The new version of Apple’s iPhone operating system comes with new emojis, the popular emoticons that are often used in texting and email, especially by young kids and nerdy adults like me. Two of these new pictograms represent gay and lesbian couples for the first time.
The icons are placed next to the previous relationship-related emojis showing a heterosexual couple holding hands and a heterosexual couple with a son. One shows two men holding hands. The other shows two women in the same position.
From Japan to the world
Emojis started in Japan. Meaning picture (e) and letter (moji), the pictograms quickly become a standard across this visually oriented culture. Apple introduced an emoji keyboard when it got the iPhone into the Japanese market, knowing that emojis were fundamental to compete in that market.
But then Westerners, fascinated by their cuteness, quickly adopted them too. Software appeared to enable that special Apple emoji keyboard on any iPhone or iPad. Every kid and nerdy adult with an Apple device quickly adopted them, and emojis spread like wildfire. Now you can find them everywhere.
Apple has greatly expanded the emoji palette with the new iOS 6, including these two gay and lesbian icons. I wouldn’t be surprised if same-sex couples with babies appear in iOS 7. [Thanks Logan!]



















Hah! What gay or lesbian couple would be caught dead in those outfits.
Gay people have no mouths, apparently.
I noticed the same thing!
Does Apple want to silence LGBT free speech?!?!? :P
well that pretty much renders us useless...
What no gay family icon? That's outrageous.
WHAT!? There is no icon for an inter-racial gay couple with a crippled transvestite son!!!
Yeah, I guess the downward spiral all started with you being born Geoff.

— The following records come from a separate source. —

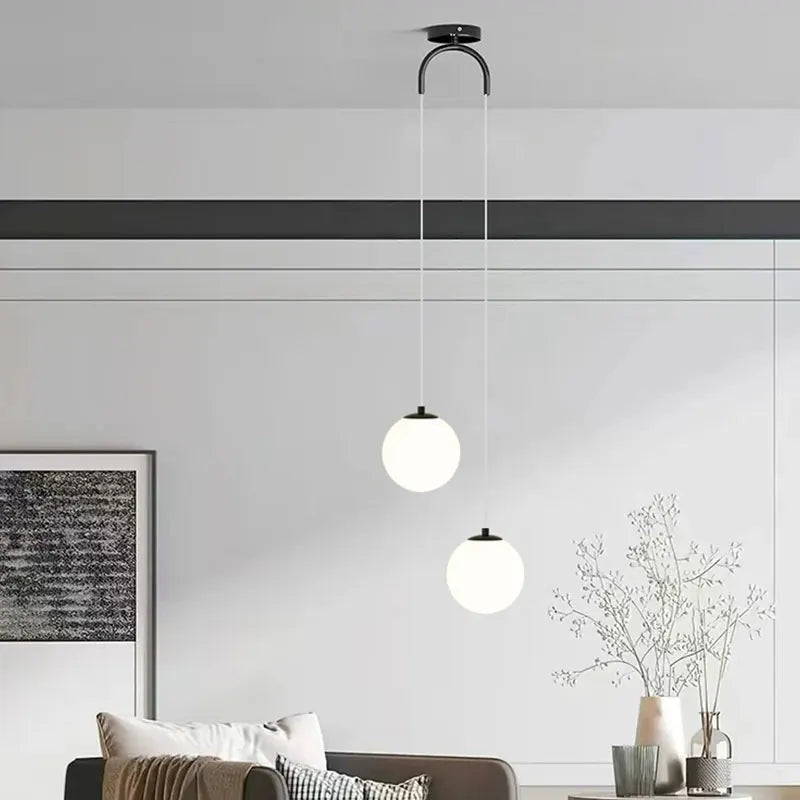 Nordic Glass Pendant Light With Brass or Black Finish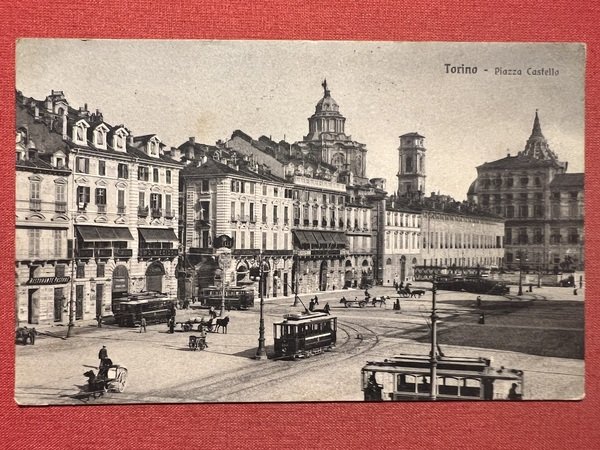 Cartolina - Torino - Piazza Castello - 1915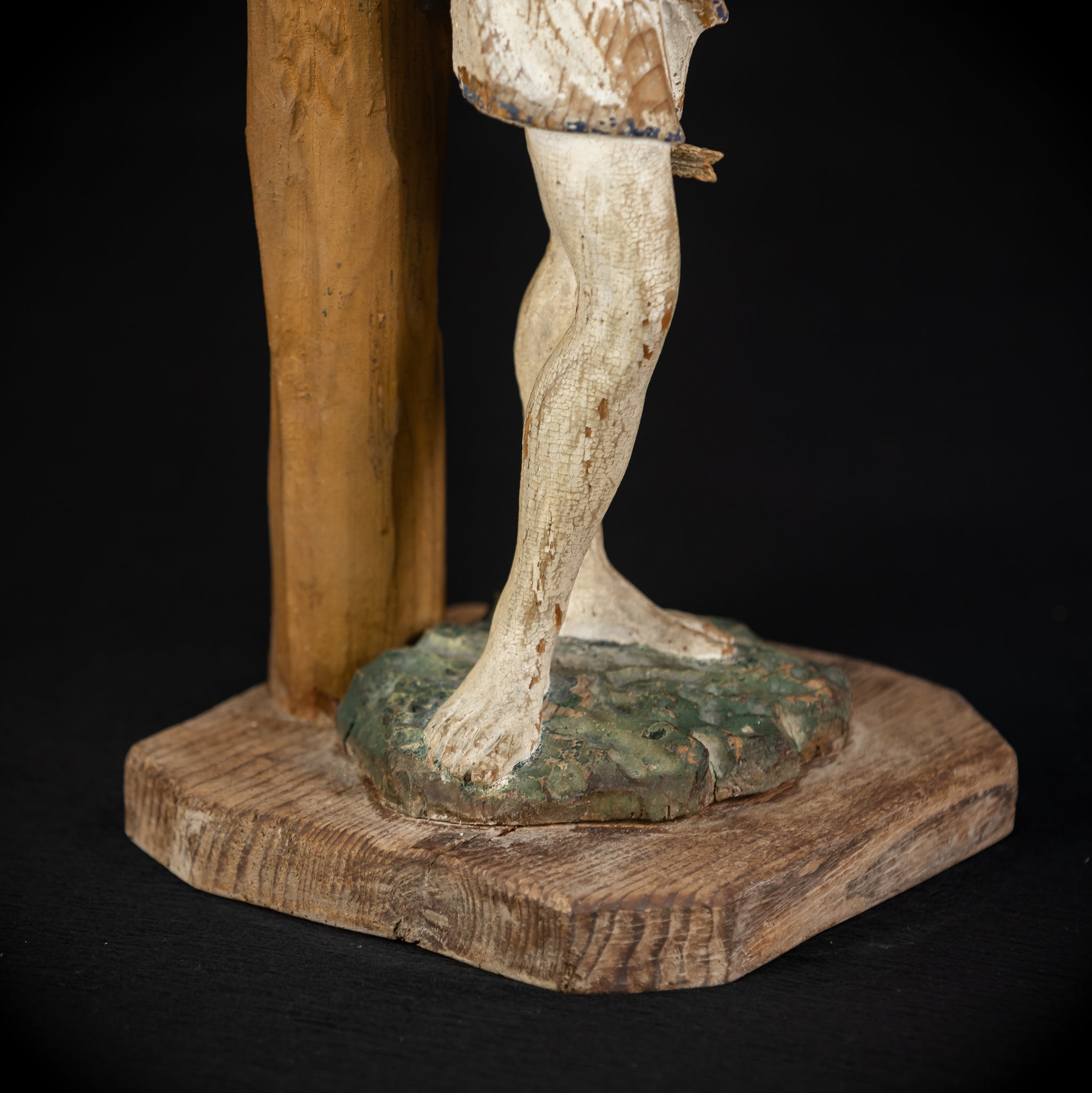 Saint Sebastian Wooden Sculpture | 1700s Antique | 17.9”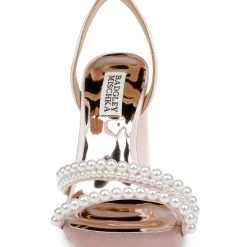 Badgley Mischka Feisty Pearl Block Heel -Badgley Mischka shop FEISTY MP6715 PNKSAT 4 58217.1670620555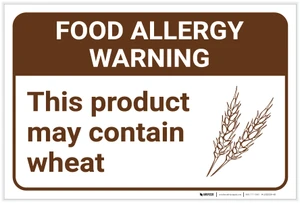 Warning: Food Allergy Warning Product May Contain Wheat with Icon Landscape - Label
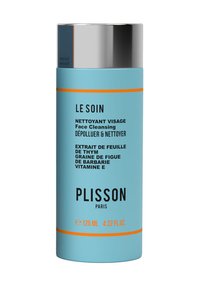 Zylindrische blaue Flasche mit silbernem Deckel, beschriftet mit "LE SOIN Gesicht Reinigung". Enthält 125 ml und hat schwarzen Text und orangefarbene Akzente.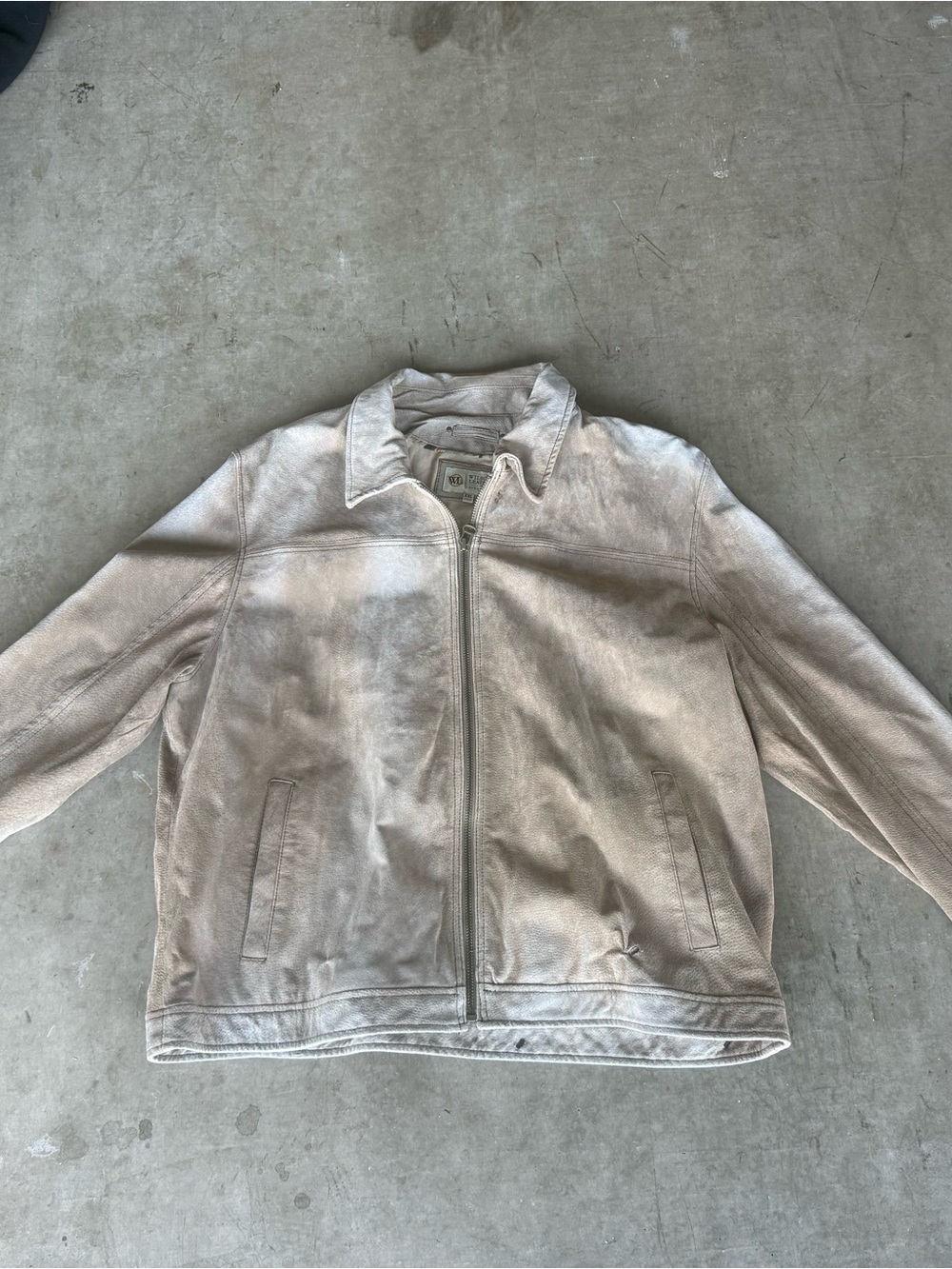 Wilsons Leather Light Gray Suede Zip Jacket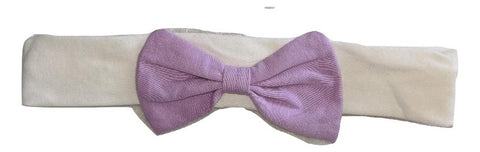 Purple White Bow MATCHING Boutique Fabric Hairband Headband Clearance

Question is, which phone company in Japan added these? Docomo, KDDI or Softbank? Or did Apple do so themselves? And if so, how will they interact with other phones? Are these exclusive to messages between two phones enabled with the latest emoji-inclusive Unicode? Seems unlikely to me that they'd do something so major (new version Unicode reliance) but only with two new emoji to show for it. Or did they choose to overwrite unpopular emoji like the Unicode symposium and other operators did with the racist ones? If so, what did they overwrite? WHat do these emoji show up as if you send them back to a Japanese phone?